> **Problem requirements**
Could you retype exactly the line containing "Assmann Electronic DIGITUS" and every line after it in the data below, leaving out the pictures?
-- Given information follows --
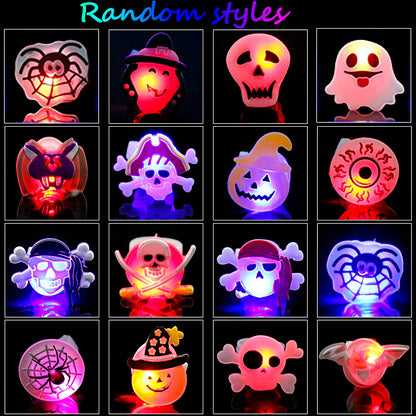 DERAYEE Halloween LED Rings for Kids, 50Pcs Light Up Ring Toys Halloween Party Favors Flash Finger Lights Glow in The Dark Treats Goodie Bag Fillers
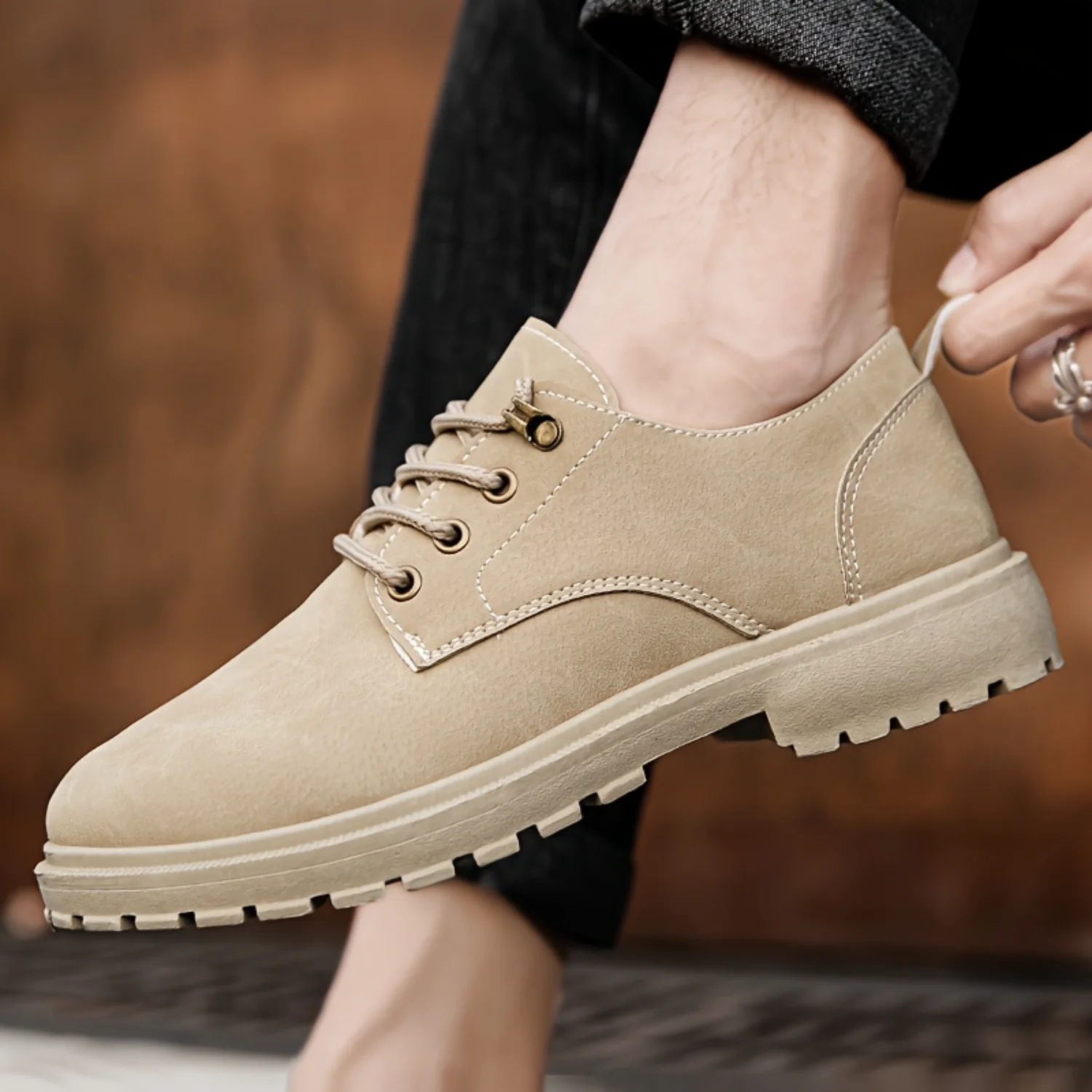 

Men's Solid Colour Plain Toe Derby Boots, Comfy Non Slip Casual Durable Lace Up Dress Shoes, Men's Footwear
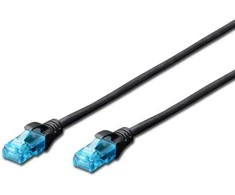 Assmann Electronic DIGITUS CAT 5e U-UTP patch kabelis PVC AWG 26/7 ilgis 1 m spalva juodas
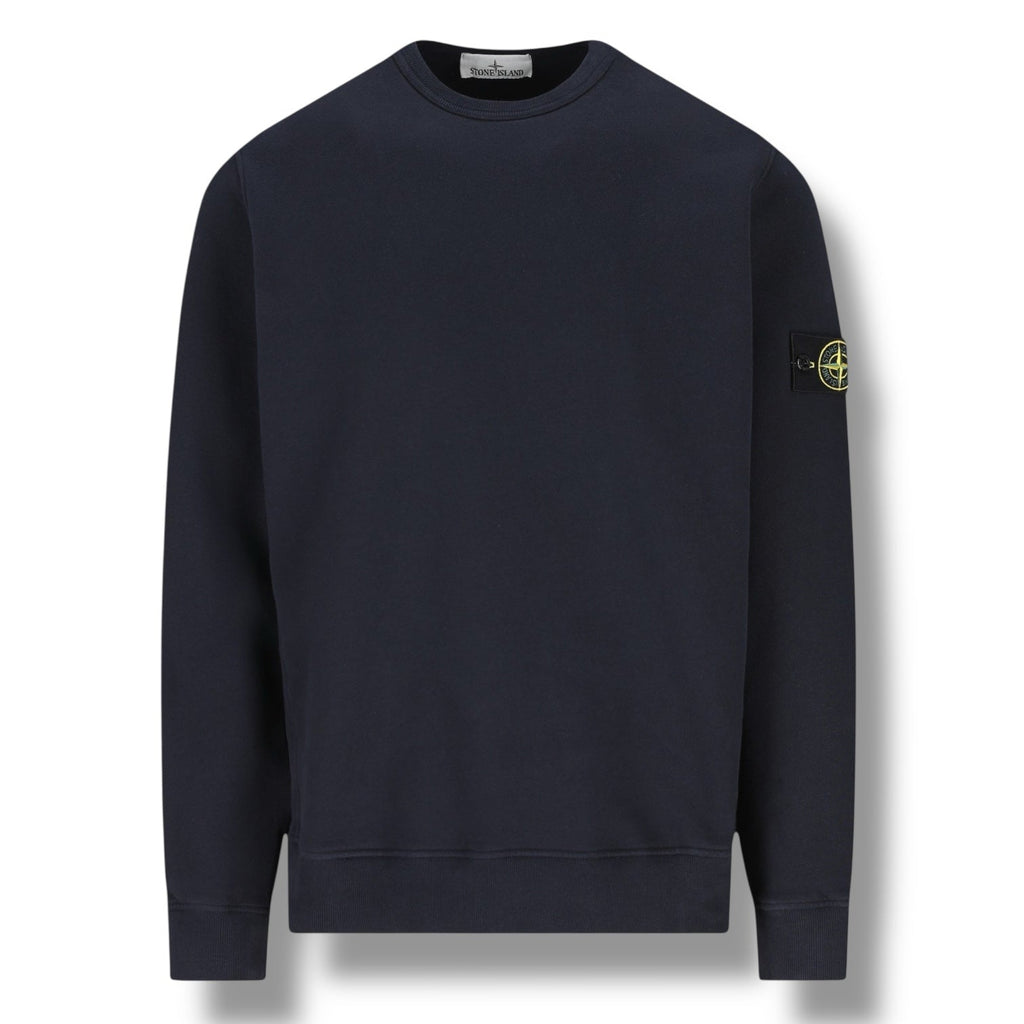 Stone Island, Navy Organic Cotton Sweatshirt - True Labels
-- Given information concluded --
> **Your solution**
 Assmann Electronic DIGITUS CAT 5e U-UTP patch kabelis PVC AWG 26/7 ilgis 1 m spalva juodas
 Stone Island, Navy Organic Cotton Sweatshirt - True Labels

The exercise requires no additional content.